- _Exercise data_:
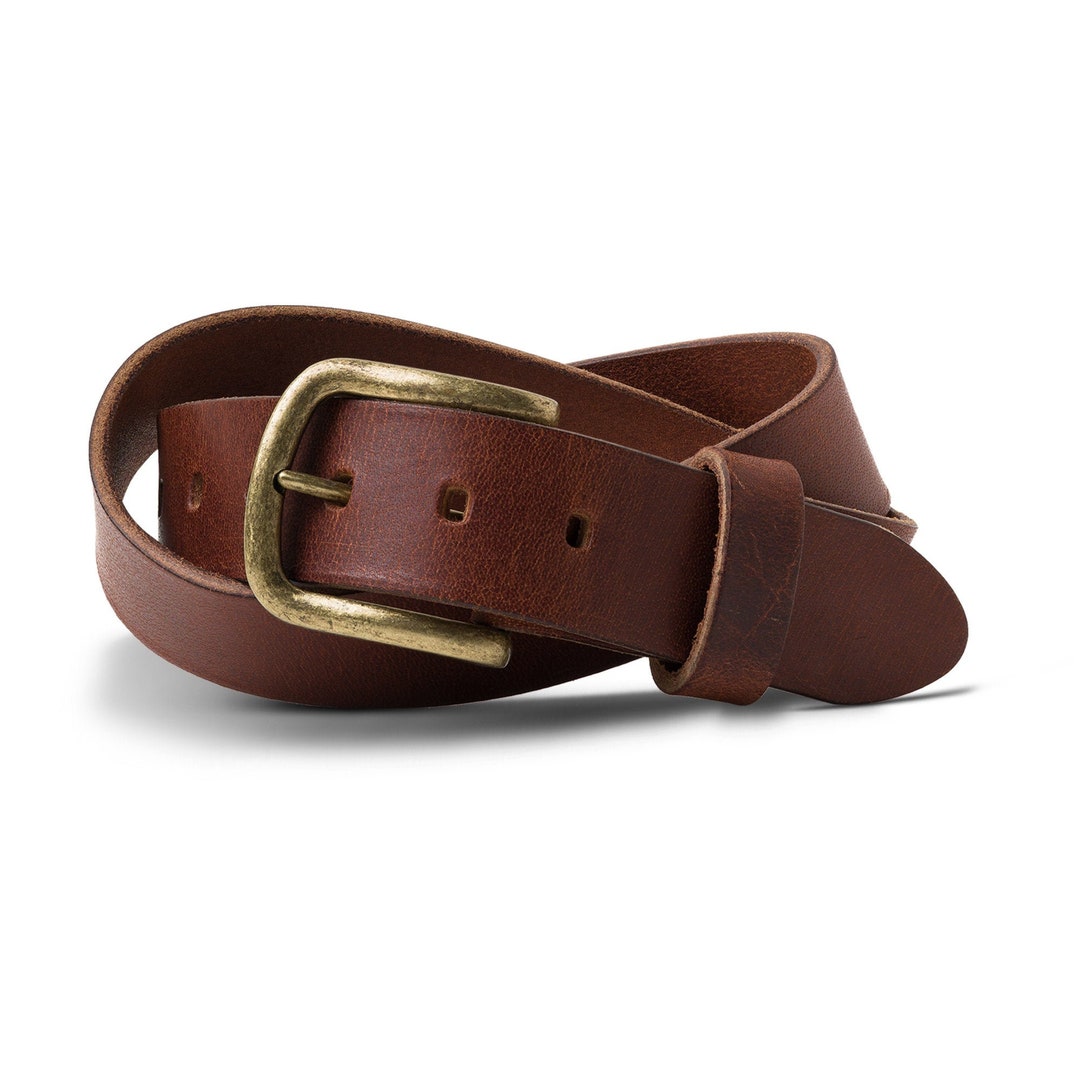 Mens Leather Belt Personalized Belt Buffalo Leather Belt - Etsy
...
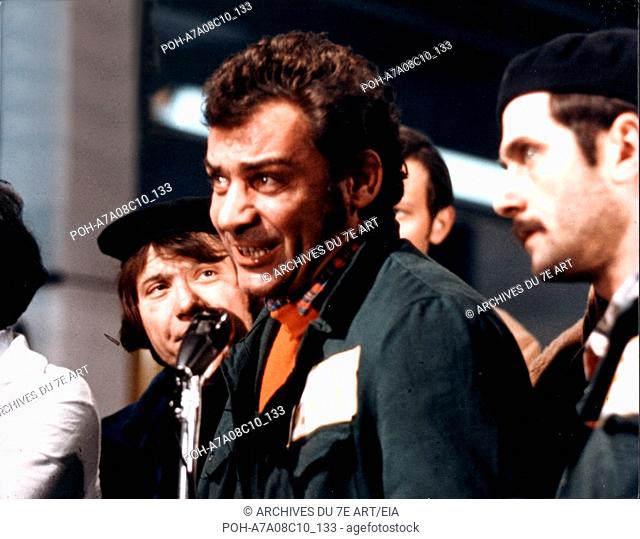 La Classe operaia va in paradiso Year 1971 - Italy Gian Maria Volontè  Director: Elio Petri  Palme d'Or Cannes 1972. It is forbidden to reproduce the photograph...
...
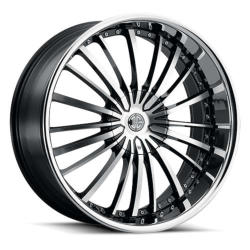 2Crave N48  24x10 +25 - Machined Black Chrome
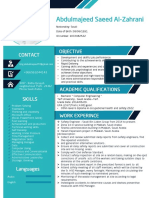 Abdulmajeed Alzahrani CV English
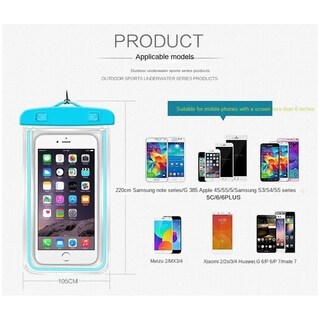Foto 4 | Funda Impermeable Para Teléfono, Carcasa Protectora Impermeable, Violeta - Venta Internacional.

- _What is being asked_: Within the entries above, give again exactly the lines starting at the one that contains "Abdulmajeed Alzahrani CV English" and ending at the one that contains "Foto 4 | Funda", leaving out the pictures.

- _Response to the exercise_:
 Abdulmajeed Alzahrani CV English
Foto 4 | Funda Impermeable Para Teléfono, Carcasa Protectora Impermeable, Violeta - Venta Internacional.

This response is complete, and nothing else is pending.